Dünya Savaşı Ve Son Kale Türkiye

İslami geleneğin, dünya görüşünün, evren algısının dayandığı “Vahdette kesret, kesrette Vahdet” mefkûresinin içi de dışı da doludur. Müslümanlar hem dünyalarını(n...

İslami geleneğin, dünya görüşünün, evren algısının dayandığı “Vahdette kesret, kesrette Vahdet” mefkûresinin içi de dışı da doludur. Müslümanlar hem dünyalarını(n inşaını) hem ahiretlerini bu mefkûreye dayandırırlar.
Bu inançtan esinlenerek Müslümanlar “bir tek evi bütün insanların içinde yaşadığı kainat, kainatı da bütün insanların yaşadığı bir ev” olarak kabul etmiştir.
Böyle bir dini geleneği temsil eden Müslümanların içler acısı hali kendi özelimizdir, biz bizi bu konuda çok eleştirdik, eleştirmeye devam da edeceğiz.
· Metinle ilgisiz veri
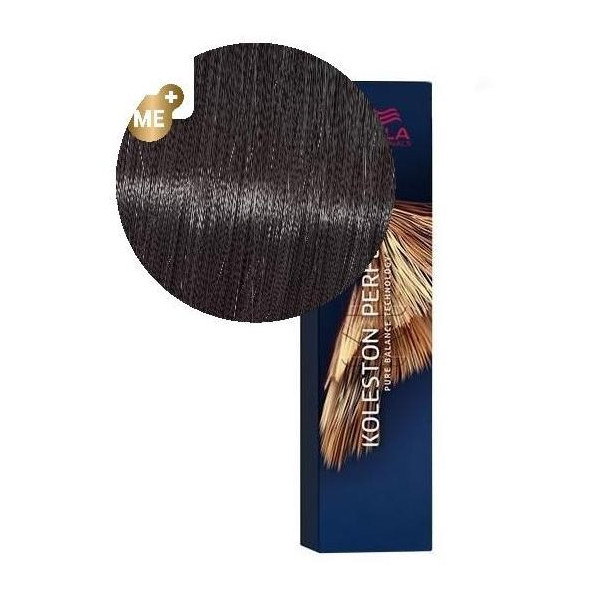 Koleston Perfect ME+ 60 ML Wella 3/0 Chatain Foncé Koleston Perfect ME+ 60 ML Wella 3/0 Chatain Foncé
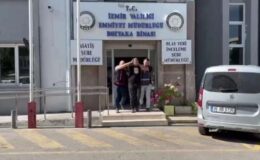 İzmir Konak’ta otoparkta cinayet işleyen zanlı yakalandı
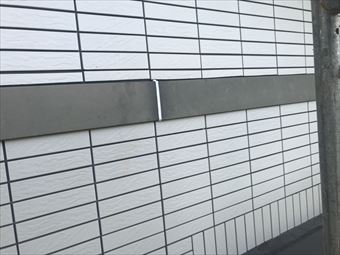 コーキング塗り済み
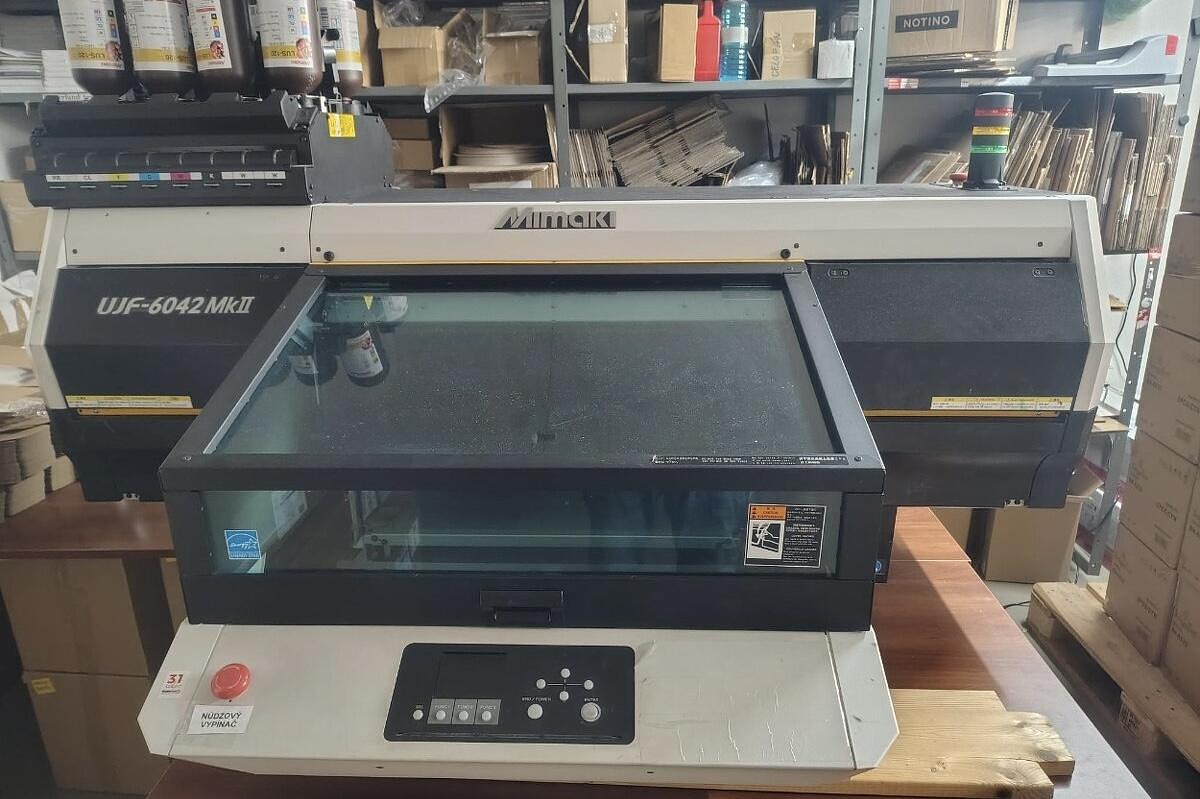 Used 2019 Mimaki UJF-6042 MKII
Lakin;
Biz Müslümanları savaşçı da değil, terörist figür olarak toplumlarına sunan Batılılar biliyorlar ki “Müslüman teröristlerin” bin yılda bile işleyemedikleri cinayetleri bir yılda, evet, evet, 365 günde kendileri barbarca işlemişlerdir hem de defalarca. Bunun için sadece 21. Yüzyılın 2. ya da 3. yılına bakmaları kâfi. Şimdi de dünyayı yeni bir Dünya Savaşı çıkarmanın eşiğine getirmeye çalışanlar yine kendileri.
Nedir amaçları?
İlk olarak zaten uyuşuk olan kendi kamuoyuna Müslüman=Terörist algısını yerleştirmek, sonra da bu algının gölgesinde yüz yıllık yeni planı gerçekleştirmek.
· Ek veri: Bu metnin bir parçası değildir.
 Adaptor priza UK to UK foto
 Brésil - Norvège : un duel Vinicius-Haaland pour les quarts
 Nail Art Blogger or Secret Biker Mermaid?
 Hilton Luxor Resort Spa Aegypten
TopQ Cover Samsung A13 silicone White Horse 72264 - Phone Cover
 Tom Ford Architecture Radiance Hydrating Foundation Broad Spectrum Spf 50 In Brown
Batılılar bütün bir İslam âlemini yeniden karmak istiyor, bundan da;
Yeni/den uluslar var etmek,
Yeni/den haritalar çizmek,
Yeni/den müttefiklikler oluşturmak,
22. Yüzyıla yine İslam coğrafyasını kanlı bir tasarımla hizaya getirecek düzenlemeyi ta bugünlerde dayatmak. Adamların asırlık planları dörtyüz yıldır böyle işliyor.
Lakin,
Son kale Türkiye buna mani oluyor. Bu yüzden bütün öfkelerini SON KALEye yöneltmişler Batılı dost ve müttefiklerimiz!
Son haftalarda dikkatinizi çekmiştir, hem Cumhurbaşkanı Recep Tayyip Erdoğan hem Başbakan Ahmet Davutoğlu “SON KALE TÜRKİYE”yi konuşuyorlar.
Evet, Türkiye SON KALE. Türkiye’nin 2007’den sonra, -Japon politikacı ve yazar Shintaro İshahara’nın ifadesiyle- ”Yes-Men/Evet Efendim”ci yani efendi-köle ilişkisine dayalı politikaları bıraktığı için saldırıya uğradığını gayet iyi biliyoruz.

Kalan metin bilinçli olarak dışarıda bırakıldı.